А еще он постоянно воевал с кем-то, с кем-то невидимым и неизвестным. Посреди разговора, посреди затянувшегося заполночь чаепития он вставал, долго рылся в пыльных папках, разбрасывал бумаги, находил в конце концов открыточку с видами и, патетически ей потрясая, читал дрожащим голосом: "Но шел от него свет!
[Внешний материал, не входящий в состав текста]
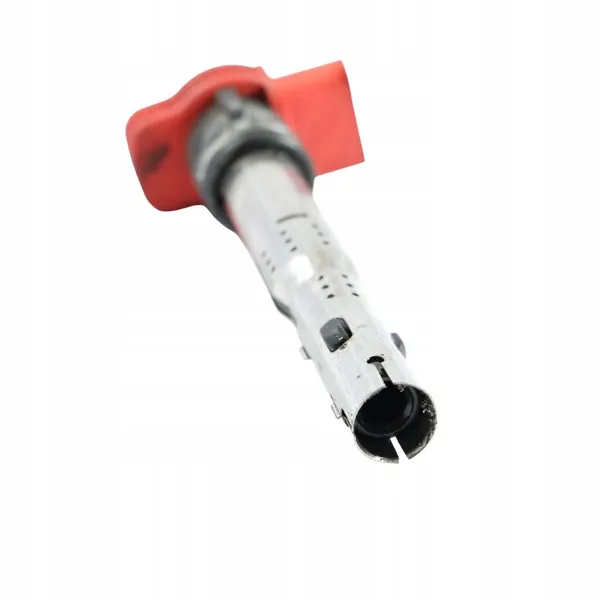 Bobina de ignição VAG 06E905115G AUDI VW SKODA SEAT image 10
И сыпал на него снег! И он превращался в сугроб, который не замечали дворники! Это как если бы я умер и мертвый думал! И вспоминал бы тебя живого! В лучах солнца, красного восхода в створе Красного проспекта! Но я слышу крик с пожарной лестницы! Как крик хозяина! Как запах крови! Как что-то мифическое! Но все думают, что это гудок отплывающего парохода!"
"И в сущности они правы..." заключал он и потом рвал бедную открыточку на мелкие части, яростно швырял их в угол и, тяжело дыша, спрашивал у кого-то неизвестного и невидимого: "Ну что, помогли тебе твои пеласги?.." После этого он, как ни в чем не бывало, возвращался за стол, подливал мне свежезаваренного чаю (обычно улыбаясь при этом: "Вихрь горстку листьев подбросил, воды вскипячу для чая..."), закуривал сигарету, и мы продолжали прерванную спокойную и неспешную беседу.